The track’s live music video displays an effortless mastery over a band’s worth of instruments as BIIANCO sings, plays synth keys, plucks basslines, and drums stick into sample pads all over the space of one track. On their new single, “Been Right Here,” BIIANCO teams up with producer Carly Wilford and singer Lea Lea to create an uplifting, gospel-dance anthem. 

Photo Courtesy of Fred Perry

While preparing for their set at the upcoming OUTLOUD Music Festival at WeHo Pride, BIIANCO sat down with NUANCE for a virtual interview to talk about their musical upbringing, diverse influences, and vision for a UK-inspired renaissance in American dance music:

Raised in a musical household, BIIANCO’s passion for music started early and grew with each instrument and technique. (“My childhood,” BIIANCO explains, “it was lots of music.”) Starting with classical piano at five, BIIANCO moved on to guitar, singing, jazz, and drums by middle and high school, when they also first started producing on Garageband after forcing their parents to buy a Macbook for beats. Eventually locking in on singing, drums, production, and bass guitar, BIIANCO’s passion for different types of music manifests in the variety of their growing discography.

Growing up mainly in a small Connecticut town, BIIANCO remembers growing up both sheltered by small-town suburban life while attracted to the alluring music and culture of the city only a train ride away: “As soon as we hit high school, everybody just takes the train into the city every weekend kind of thing. So it was interesting, it was like an incubator, but I was still exposed to everything musically that was happening in New York at the time.”

Describing themselves as a “weird kid” when it came to music taste, BIIANCO grew up listening to eclectic groups like Portishead and Radiohead but remembers their first and most influential inspiration always being singer Tori Amos: “I think it partially had to do with the classical piano background that we both had and how that could be interpreted in an alternative rock perspective, but Tories like late 90s stuff early 2000s stuff really took a ravey turn, like on “Raspberry Swirl” when she really started experimenting with electronic production.” In addition, BIIANCO cites Mark Knight as a significant influence for DJing while drawing multi-instrumental inspiration from artists like The Chemical Brothers and The Crystal Method.

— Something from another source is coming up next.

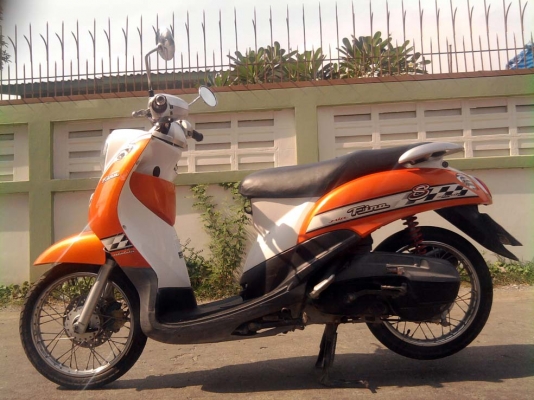ขออนุญาติขาย Yamaha Fino 115 cc. สีส้มขาว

 After starting their career and living in LA for years, BIIANCO moved to London part-time to be closer to the UK bass sound and club scene. “Honestly, my music is so London. That was the kind of music I loved. That was the kind of music I leaned into.” Since the move, BIIANCO’s been carving out a place in the city’s vibrant dance scene and starting to see results, even getting love from the BBC with their own Intro Mix

Photo Courtesy of Fred Perry

“Ever since my move there in 2021 Like every morning I listened to BBC 6 music, I’ve followed the DJs on Radio 1 Dance like Jaguar and Jane Iszatt for years now, so it’s been a dream come true to suddenly be on their radar. Not only that but getting Dance Floor moment of the week from Jaguar, or the Intro Mix with Jess, it’s a dream come true to get to do those things because I’ve been following them as an aspiring fan for so many years. So it really honestly makes me feel like I gotta keep going.”

BIIANCO also sees the recent recognition as an opportunity to bring back the sound they love  to their part-time home in the States, finding an outlet in the underground LA dance scene: 

“I also feel really motivated to bring that sound back to America. I know that there’s other people doing that sound, but in America but we have a dance music scene that’s really dominated by Big Room House and it’s just not something that connects with the rest of the world…like progressive house and tech house is not something that like really makes sense in Europe. So I really want to keep helping to bring this sound and develop it a little bit more in America. In the LA scene and we have a really booming underground right now that really embraces that sound too. So it’s kind of seeing the success in London and then the UK is really motivating me to keep trying to carve it in both places as well.”

Working consistently as a DJ for years, BIIANCO drew inspiration from the sounds they found were missing from their CDJ, explaining how this process started with “I like to listen to music when I’m sad.”

“That track came together and was inspired by something that I kept looking for for my DJ sets that was just missing. So I just made the song that I wanted. My sets tend to lean on four on the floor like a lot of people that are a bit ravier with their DJ sets but I really wanted a reprieve from that to lean into a breakbeat at some point with really Acid House undertones…

“I basically just kept hearing the song in my set that was missing. I was mining all these tracks and didn’t find the right fit, so then I just made the track. It kind of actually sparked a switch in my mindset. As I had started DJing I kept looking for tracks and then, after that, I switched from looking for tracks to looking to make the tracks that are missing in my sets.”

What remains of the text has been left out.